Stopping minikube is as easy as minikube stop, have a look at the minikube Readme to know more about what you can do with it.

Happy with what you’ve seen so far? Minikube is only one of many local-machine solutions, and there are dozens of hosted Kubernetes solutions, including services from the big 3: Amazon EKS, Google Kubernetes Engine and Microsoft Azure AKS. A pinch of automation, and your application is ready for some heavy production workloads!

Granularity leads to density

Here is the real deal when it comes to Kubernetes. Not only is it easy to play with locally, and somewhat easy to get your k8s application to a production grade level, backed by a major cloud provider: you’ve got full power and total control over compute resources you want to assign to your Pods and their encapsulated containers.
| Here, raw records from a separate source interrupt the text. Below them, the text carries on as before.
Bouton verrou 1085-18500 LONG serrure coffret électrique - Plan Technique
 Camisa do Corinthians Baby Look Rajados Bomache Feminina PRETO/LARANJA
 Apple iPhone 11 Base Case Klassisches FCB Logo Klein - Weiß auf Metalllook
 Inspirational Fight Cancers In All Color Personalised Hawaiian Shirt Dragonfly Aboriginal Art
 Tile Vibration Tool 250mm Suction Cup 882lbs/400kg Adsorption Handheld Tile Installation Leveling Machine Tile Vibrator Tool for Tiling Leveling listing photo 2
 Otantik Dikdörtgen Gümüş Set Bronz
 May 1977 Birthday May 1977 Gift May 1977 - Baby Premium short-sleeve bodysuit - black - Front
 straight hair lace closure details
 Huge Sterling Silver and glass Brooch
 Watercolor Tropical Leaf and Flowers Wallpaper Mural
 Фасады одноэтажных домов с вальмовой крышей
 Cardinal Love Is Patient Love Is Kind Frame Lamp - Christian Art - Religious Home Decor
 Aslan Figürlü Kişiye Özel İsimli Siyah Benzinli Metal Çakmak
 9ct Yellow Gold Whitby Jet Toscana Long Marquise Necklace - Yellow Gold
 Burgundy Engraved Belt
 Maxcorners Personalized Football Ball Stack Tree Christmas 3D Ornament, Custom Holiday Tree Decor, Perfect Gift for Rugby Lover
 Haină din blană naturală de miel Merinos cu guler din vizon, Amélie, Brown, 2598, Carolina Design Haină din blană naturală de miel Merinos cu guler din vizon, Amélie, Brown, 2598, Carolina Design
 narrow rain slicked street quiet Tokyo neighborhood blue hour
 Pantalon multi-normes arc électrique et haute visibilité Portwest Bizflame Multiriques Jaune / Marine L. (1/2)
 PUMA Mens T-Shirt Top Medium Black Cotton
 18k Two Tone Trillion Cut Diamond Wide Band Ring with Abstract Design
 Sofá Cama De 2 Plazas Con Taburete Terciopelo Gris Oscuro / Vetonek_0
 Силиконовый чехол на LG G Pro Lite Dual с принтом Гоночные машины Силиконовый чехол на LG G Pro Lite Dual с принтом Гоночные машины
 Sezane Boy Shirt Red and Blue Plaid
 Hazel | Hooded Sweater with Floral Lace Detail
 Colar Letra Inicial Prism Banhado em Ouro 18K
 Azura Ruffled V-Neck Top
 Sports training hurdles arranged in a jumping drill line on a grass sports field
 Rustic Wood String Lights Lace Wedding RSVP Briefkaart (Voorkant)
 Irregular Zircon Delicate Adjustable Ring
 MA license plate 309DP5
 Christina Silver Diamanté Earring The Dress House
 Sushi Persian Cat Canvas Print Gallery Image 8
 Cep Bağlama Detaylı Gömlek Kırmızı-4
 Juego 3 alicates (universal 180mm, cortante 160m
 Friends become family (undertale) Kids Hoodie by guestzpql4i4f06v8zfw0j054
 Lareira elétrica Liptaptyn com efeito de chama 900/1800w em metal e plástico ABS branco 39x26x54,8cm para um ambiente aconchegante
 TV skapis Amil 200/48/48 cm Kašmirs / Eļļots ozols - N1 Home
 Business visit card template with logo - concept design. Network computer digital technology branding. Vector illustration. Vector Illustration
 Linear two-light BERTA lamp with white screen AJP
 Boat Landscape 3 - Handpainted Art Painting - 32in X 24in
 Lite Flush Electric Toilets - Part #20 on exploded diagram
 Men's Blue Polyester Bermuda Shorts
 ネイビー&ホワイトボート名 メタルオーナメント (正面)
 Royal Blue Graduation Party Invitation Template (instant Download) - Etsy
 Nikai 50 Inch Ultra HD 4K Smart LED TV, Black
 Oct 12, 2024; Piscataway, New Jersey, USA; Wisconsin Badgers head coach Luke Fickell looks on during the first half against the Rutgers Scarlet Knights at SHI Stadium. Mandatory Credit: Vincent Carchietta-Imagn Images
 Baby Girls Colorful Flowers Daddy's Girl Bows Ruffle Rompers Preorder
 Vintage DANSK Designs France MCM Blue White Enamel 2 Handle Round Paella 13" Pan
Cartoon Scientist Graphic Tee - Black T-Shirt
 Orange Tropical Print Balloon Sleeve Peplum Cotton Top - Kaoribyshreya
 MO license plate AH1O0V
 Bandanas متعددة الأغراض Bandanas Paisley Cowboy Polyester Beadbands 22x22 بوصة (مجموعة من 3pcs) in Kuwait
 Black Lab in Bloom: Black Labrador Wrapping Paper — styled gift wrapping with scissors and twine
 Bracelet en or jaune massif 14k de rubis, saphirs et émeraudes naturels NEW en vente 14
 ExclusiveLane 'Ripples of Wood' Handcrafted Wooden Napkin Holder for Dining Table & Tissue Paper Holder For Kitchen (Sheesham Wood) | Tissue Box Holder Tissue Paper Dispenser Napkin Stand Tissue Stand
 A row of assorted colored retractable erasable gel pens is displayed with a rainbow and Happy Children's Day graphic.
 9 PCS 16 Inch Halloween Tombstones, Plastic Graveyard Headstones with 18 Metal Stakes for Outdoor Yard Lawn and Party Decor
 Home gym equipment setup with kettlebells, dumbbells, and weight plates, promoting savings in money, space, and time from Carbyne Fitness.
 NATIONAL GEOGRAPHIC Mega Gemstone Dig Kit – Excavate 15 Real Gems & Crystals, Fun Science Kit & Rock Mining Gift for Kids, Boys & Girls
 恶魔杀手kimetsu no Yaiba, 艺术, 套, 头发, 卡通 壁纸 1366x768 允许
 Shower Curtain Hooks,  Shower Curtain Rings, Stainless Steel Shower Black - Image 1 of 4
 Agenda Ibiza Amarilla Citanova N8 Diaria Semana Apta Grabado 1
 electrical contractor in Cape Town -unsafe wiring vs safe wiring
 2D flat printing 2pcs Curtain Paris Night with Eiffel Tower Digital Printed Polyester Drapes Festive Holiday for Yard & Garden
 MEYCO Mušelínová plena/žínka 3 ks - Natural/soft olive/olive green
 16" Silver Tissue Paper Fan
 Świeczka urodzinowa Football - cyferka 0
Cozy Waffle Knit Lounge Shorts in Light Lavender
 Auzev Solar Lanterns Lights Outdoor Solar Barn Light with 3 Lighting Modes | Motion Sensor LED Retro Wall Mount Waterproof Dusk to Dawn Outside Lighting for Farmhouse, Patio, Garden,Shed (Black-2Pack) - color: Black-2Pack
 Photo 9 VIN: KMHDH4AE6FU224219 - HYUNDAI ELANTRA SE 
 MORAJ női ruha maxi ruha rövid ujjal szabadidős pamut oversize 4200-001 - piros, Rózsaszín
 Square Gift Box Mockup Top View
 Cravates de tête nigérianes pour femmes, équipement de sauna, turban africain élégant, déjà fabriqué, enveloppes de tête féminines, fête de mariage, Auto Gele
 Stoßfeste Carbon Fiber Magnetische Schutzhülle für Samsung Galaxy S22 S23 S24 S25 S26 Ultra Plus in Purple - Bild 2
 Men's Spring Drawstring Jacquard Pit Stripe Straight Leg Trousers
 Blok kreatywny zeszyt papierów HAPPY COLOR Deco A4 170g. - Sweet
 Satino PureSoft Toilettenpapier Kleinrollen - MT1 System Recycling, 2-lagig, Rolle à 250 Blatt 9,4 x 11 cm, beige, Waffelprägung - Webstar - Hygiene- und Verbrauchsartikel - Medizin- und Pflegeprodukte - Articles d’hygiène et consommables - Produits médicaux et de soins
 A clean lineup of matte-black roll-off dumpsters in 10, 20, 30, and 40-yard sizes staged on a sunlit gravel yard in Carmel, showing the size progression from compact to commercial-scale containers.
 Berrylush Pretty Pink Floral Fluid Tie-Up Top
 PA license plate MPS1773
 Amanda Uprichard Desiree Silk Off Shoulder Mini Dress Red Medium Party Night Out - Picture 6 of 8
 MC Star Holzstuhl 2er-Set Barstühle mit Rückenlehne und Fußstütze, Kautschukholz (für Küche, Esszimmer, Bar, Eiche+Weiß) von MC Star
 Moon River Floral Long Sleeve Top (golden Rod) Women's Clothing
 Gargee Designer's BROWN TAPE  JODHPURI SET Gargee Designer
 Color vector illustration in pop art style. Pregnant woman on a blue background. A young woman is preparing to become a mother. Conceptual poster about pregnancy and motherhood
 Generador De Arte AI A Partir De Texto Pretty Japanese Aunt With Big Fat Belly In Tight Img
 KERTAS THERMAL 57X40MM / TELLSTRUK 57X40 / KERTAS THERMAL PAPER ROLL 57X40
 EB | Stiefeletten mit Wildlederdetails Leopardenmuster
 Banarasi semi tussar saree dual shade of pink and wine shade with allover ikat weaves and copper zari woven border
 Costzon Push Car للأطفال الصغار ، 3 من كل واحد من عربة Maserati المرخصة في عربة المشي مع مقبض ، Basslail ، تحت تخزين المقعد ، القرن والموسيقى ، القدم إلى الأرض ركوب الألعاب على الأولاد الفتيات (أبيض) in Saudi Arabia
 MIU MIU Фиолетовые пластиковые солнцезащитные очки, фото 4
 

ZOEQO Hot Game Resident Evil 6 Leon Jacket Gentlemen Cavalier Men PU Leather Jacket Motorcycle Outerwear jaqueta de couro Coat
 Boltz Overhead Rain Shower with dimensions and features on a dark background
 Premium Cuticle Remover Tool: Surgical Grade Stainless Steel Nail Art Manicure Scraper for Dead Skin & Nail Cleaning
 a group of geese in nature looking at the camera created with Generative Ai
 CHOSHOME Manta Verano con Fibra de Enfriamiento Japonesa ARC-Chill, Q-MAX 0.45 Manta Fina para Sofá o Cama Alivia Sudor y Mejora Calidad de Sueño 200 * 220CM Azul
See by yourself on this extract from a Pod definition:

resources:
  requests:
    memory: "128Mi"
    cpu: "200m"
  limits:
    memory: "128Mi"
    cpu: "200m"

In this example we are assigning, as in requesting and limiting, 128MiB of memory and 200 milli (0.2, as in 1/5, yes just one fifth) of a Virtual CPU for some container to run with. Now that might sound awkward to someone not used to managing servers, be they virtual or not, but overall the average CPU and memory usage is never really pushed to the limit without unexpected consequences and unreliable latencies for your application. Having a dozen Kubernetes hosted containers, each running an API receiving requests per minute in the thousands, here is what the CPU usage looks like:

Sorry about the spike that is displayed as the maximum with 5.91% of a CPU core used! The average Node.js container running an API (Koa, Express…) will use roughly 100Mb of memory and as little CPU as you can see above, depending on what the code is doing, and obviously the traffic received. Same goes for .NET, Python and many others… This is about granularity, infinitely small resource management that empowers you to get more from your servers, by increasing the density of your applications. No doubt with just 1 reasonably sized machine you can host more than you ever thought of. Make that 3 smaller machines, deploy your Pods as a Deployment, and you achieve fault tolerance without even actioning it: the deployment controller will automatically re-provision your Pods across your machines if one ever goes down, in seconds.

Feel the love growing?

Density equals cost savings

Now, here is the big deal with Kubernetes. Forget about fault tolerance, convenient local development, automation, and all of the Kubernetes goodies like DeamonSet, CronJob resources, or pre-made and production ready Helm charts. With this granular control over compute resources, increase the density of the applications deployed on your servers and that is how your cost reports will look like along the way:

Efficient, developer friendly, budget friendly… There is no questionning why the tech industry is moving to Kubernetes, or at least containerizing!